Fleming’s uses USDA ‘Prime’ beef, aged for 21 days. For those of you who are not from the US, let me quickly explain about USDA beef grades. The US Department of Agriculture (USDA) grades all beef and the grades you will most commonly see are Prime, Choice, and Select. According to the USDA:

  • Prime grade beef is the ultimate in tenderness, juiciness, and flavor. It has abundant marbling – flecks of fat within the lean – which enhances both flavor and juiciness;
  • Choice grade beef has less marbling than Prime, but is of very high quality;
  • Select grade beef is very uniform in quality and somewhat leaner than the higher grades. It is fairly tender, but, because it has less marbling, it may lack some of the juiciness and flavor of the higher grades.

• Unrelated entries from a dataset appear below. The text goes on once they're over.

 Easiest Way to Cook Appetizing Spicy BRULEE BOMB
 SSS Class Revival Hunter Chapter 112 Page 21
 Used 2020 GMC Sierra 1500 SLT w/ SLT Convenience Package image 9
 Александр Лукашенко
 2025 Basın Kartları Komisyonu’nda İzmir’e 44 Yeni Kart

(Source: USDA How to Buy Meat)

Of all the beef produced in the U.S., only 2% is certified prime grade by the USDA. Most of that is bought by steakhouses such as Fleming’s. I wish more beef of a similar quality would be available in the Netherlands. Consumers here prefer lean beef, and so that is what butchers (and supermarkets) sell. Marbled meat is thought by many Dutchmen to be meat of low quality. How very wrong! Most of the marbled beef available in the Netherlands is from special breeds like Wagyu (Japanese) or Rubia (Spanish), has to be imported, and is very expensive. Anyway, back to Fleming’s.

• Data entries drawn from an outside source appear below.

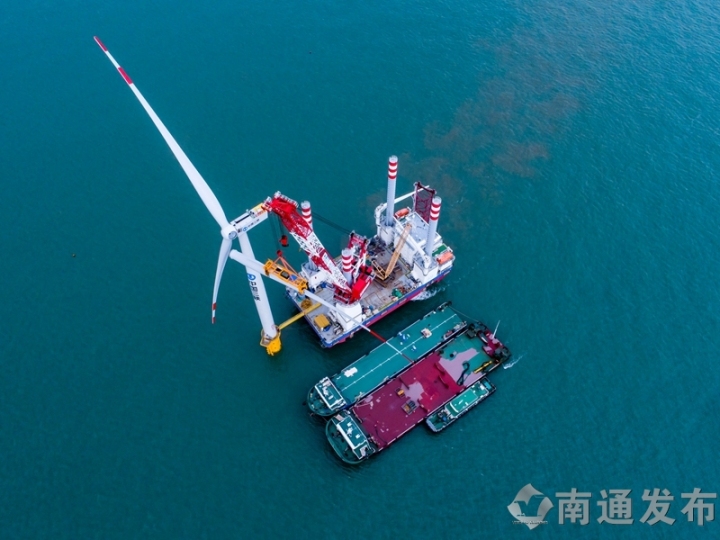 南通日报:布局“双碳”赛道,看中天科技如何发力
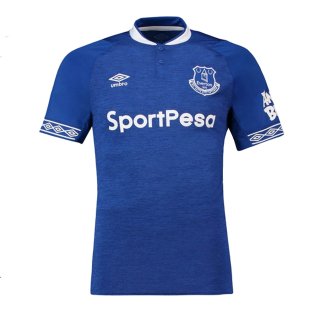 Everton 2018-19 Home Shirt (M) (Excellent)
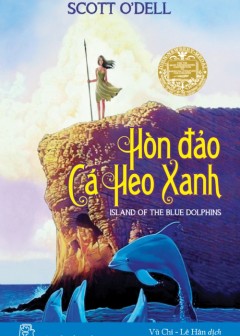Sách Hòn Đảo Cá Heo Xanh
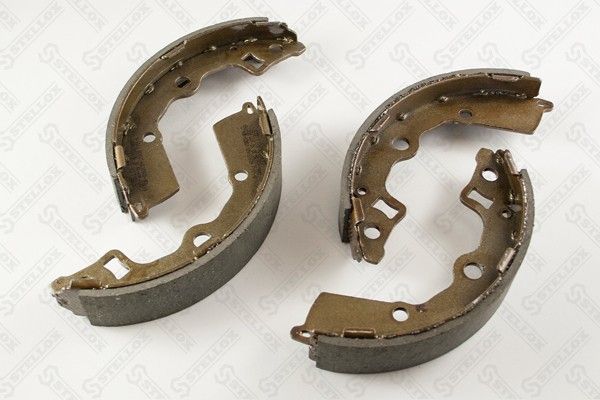 STELLOX 000 469-SX Brake Shoe Set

Fleming’s sears the steaks on a 1600F/875C fire and then lets them rest before serving on very hot plates.

We asked about the size of the steaks and decided to share a rib-eye steak after hearing it was 16 oz (1 pound or 454 grams) since even 8 oz is more beef than we usually eat. We slightly regretted this after tasting the steak because it was so good.


This is the steak when I remembered to take a photo after having started to cut it in half. Unfortunately this time my iPhone did not take such a great picture. I noticed right away that this was one of the most tender steaks I had ever eaten, because the knife cut through it like butter.


We had obviously ordered the steak medium rare, and although this picture doesn’t do it justice you can tell that the outside is nicely seared without overcooking too much of the inside. The steak was as uniformly medium rare as is possible without using sous-vide.

Even though it was only slightly more expensive, this steak was vastly better than the one we had in Deadwood a few weeks ago. This was due to better meat, but mostly do to better cooking. The steak was very tender (without being mushy) and very flavorful.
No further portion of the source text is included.